- Opening Delimiter -

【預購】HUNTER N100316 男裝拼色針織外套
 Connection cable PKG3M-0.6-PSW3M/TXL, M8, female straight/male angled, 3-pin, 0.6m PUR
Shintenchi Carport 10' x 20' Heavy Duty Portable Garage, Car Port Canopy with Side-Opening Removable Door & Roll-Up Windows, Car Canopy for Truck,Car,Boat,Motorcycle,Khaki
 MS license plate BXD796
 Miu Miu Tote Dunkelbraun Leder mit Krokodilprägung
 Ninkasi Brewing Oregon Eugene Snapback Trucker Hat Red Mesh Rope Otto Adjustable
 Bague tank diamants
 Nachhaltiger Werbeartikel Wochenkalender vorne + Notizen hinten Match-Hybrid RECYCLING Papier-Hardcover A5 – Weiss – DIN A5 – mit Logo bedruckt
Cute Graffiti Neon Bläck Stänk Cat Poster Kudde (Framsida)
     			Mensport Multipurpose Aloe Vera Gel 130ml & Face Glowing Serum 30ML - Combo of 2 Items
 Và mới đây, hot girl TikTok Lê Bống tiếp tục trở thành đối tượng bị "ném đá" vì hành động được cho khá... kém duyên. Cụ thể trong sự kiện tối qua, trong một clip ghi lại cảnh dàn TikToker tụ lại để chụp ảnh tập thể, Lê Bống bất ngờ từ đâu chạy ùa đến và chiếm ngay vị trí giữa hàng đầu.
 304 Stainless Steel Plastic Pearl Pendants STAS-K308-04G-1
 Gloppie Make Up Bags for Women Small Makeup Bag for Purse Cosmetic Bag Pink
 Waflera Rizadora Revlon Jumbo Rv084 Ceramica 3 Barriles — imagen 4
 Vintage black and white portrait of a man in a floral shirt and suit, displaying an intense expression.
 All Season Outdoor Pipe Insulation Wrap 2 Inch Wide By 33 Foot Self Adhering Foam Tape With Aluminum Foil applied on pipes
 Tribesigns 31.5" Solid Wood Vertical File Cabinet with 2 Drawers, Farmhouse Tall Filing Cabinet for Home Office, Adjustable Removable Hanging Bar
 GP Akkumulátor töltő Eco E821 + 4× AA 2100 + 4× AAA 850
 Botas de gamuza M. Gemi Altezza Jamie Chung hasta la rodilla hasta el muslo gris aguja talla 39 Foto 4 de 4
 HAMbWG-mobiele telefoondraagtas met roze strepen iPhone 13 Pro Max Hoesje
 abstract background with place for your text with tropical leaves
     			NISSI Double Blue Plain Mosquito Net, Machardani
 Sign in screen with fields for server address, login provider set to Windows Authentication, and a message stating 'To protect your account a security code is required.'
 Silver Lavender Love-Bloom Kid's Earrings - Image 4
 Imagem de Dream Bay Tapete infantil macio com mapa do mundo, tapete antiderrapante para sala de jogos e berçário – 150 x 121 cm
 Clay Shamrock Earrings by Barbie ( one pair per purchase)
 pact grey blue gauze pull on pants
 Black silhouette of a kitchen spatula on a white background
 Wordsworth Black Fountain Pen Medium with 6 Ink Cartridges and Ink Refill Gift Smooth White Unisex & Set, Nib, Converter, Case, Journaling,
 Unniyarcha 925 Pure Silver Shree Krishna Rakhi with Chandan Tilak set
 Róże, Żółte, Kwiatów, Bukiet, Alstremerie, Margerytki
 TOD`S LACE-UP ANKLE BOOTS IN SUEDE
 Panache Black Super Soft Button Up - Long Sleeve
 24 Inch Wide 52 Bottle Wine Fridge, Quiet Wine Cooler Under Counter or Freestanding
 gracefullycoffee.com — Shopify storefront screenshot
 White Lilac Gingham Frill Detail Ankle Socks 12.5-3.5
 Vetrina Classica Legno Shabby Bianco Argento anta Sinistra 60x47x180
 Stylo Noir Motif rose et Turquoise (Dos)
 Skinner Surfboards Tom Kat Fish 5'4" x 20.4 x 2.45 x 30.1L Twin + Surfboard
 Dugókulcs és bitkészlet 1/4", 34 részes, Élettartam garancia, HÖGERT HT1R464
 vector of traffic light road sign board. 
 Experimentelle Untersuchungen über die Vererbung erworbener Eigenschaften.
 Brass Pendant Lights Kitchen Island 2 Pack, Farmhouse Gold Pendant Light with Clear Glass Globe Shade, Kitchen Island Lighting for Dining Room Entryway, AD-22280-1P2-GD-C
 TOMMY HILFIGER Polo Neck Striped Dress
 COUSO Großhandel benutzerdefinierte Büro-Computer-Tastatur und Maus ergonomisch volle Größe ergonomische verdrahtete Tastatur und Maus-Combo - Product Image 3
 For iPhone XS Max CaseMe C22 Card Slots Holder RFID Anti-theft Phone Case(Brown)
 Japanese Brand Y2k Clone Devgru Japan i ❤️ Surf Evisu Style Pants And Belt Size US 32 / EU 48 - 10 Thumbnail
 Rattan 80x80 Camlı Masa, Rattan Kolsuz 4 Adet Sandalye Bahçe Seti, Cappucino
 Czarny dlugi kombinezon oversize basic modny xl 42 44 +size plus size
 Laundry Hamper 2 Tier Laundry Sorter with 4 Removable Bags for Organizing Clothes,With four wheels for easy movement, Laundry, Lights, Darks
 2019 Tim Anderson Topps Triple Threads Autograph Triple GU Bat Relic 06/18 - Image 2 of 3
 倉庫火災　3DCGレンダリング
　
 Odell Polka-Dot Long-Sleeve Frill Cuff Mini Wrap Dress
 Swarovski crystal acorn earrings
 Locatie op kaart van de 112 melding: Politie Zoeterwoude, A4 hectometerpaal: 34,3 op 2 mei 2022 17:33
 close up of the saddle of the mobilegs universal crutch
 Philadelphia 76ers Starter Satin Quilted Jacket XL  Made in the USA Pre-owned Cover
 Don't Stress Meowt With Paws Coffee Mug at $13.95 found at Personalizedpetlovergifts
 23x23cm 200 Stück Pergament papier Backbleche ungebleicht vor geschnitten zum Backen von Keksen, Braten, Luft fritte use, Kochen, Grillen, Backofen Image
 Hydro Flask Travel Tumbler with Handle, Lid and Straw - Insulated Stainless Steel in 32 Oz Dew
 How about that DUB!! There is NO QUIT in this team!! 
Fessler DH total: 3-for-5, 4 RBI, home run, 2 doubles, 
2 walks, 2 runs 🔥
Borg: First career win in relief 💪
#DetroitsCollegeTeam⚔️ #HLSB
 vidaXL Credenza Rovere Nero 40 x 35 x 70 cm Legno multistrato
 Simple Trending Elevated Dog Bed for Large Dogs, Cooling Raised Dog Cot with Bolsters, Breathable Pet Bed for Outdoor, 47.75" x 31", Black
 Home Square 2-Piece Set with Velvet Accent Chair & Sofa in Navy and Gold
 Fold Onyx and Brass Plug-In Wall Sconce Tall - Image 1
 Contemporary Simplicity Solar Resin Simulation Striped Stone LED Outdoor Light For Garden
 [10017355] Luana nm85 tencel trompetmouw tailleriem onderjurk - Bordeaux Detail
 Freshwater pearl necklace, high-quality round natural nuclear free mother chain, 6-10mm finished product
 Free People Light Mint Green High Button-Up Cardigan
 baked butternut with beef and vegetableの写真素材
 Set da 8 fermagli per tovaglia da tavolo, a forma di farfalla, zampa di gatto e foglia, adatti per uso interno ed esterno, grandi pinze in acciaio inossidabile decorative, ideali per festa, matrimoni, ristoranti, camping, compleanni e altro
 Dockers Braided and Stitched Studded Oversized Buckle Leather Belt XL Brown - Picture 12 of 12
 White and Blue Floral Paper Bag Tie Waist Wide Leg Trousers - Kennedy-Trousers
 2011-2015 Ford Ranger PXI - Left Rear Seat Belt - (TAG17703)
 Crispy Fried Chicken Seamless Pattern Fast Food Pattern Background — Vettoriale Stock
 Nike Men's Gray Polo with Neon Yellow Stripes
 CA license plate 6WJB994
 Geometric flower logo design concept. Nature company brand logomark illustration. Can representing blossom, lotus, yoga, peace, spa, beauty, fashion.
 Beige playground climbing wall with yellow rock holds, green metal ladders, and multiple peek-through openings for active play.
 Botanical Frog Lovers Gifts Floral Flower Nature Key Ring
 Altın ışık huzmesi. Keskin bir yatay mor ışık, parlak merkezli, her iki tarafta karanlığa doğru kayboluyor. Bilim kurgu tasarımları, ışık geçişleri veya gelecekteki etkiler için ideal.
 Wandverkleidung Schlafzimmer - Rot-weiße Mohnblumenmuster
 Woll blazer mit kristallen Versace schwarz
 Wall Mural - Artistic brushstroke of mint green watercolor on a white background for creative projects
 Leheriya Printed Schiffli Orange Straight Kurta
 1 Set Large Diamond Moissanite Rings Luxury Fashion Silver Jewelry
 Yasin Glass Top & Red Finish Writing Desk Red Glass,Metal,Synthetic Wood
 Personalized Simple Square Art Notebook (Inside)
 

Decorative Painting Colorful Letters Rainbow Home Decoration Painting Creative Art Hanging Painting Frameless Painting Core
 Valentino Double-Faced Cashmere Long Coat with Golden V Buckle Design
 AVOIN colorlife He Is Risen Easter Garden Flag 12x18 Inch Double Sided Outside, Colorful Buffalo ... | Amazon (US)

- Closing Delimiter -

#### [Problem description]
Filter the entries down to the lines that hold "Polo". Copy those lines.

#### [Result for this task]
 TOMMY HILFIGER Polo Neck Striped Dress
 Nike Men's Gray Polo with Neon Yellow Stripes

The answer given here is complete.